-- Prompt --
What is needed is an exact copy of the records below, with the pictures left out.

==============================

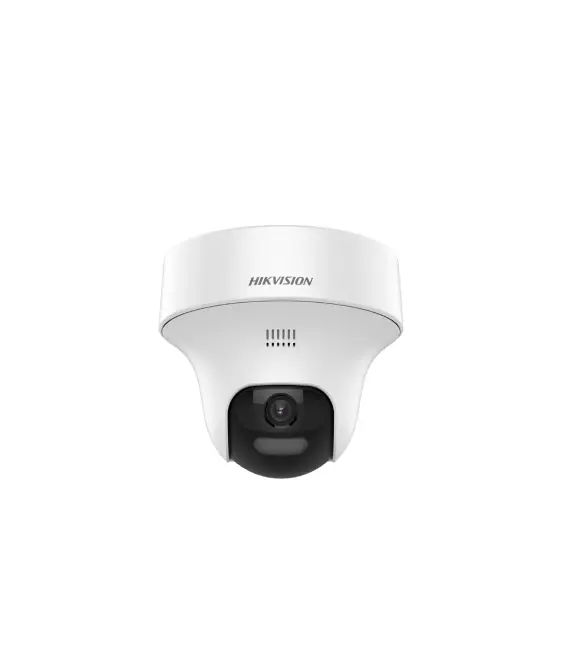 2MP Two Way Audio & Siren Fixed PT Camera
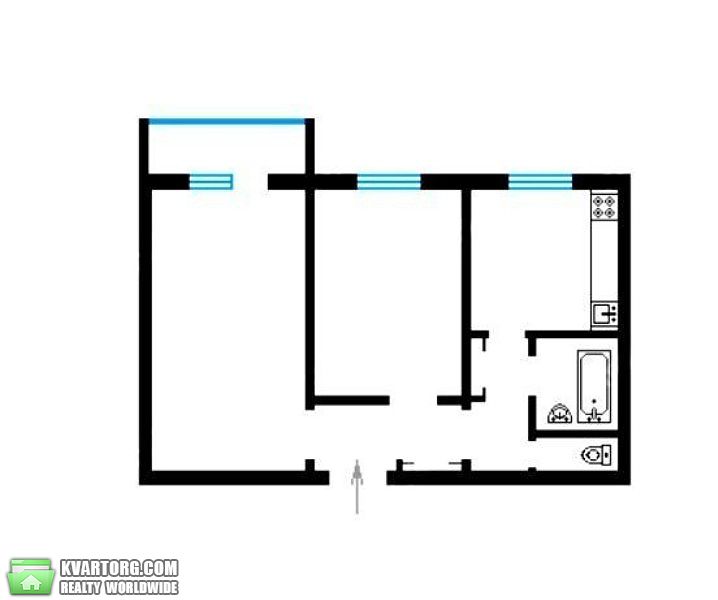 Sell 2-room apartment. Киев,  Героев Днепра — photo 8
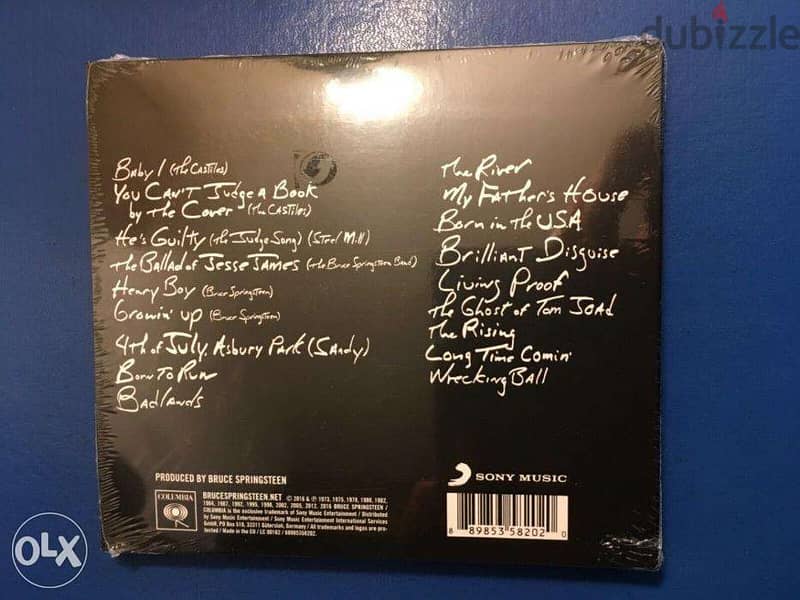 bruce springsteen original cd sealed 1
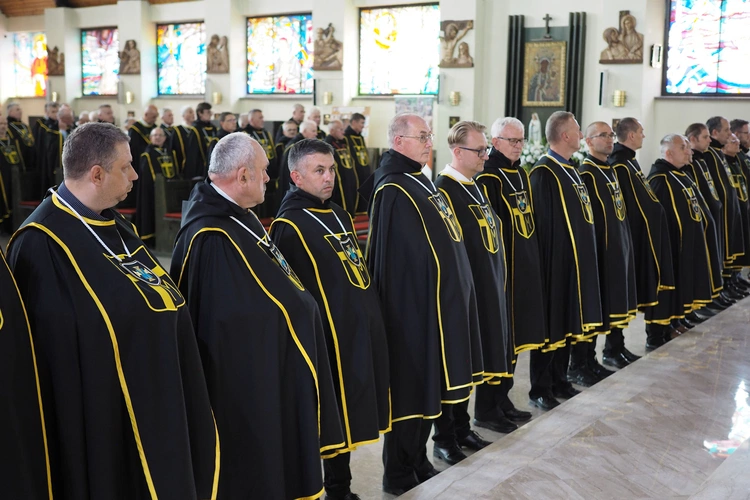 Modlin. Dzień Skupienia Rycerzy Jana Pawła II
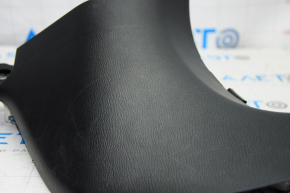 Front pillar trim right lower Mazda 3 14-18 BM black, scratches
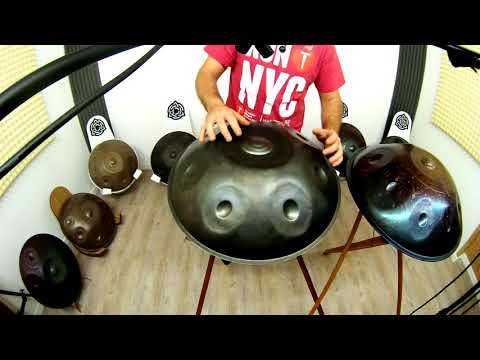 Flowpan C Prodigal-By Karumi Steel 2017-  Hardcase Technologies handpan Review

==============================

-- Result --
 2MP Two Way Audio & Siren Fixed PT Camera
 Sell 2-room apartment. Киев,  Героев Днепра — photo 8
 bruce springsteen original cd sealed 1
 Modlin. Dzień Skupienia Rycerzy Jana Pawła II
 Front pillar trim right lower Mazda 3 14-18 BM black, scratches
 Flowpan C Prodigal-By Karumi Steel 2017-  Hardcase Technologies handpan Review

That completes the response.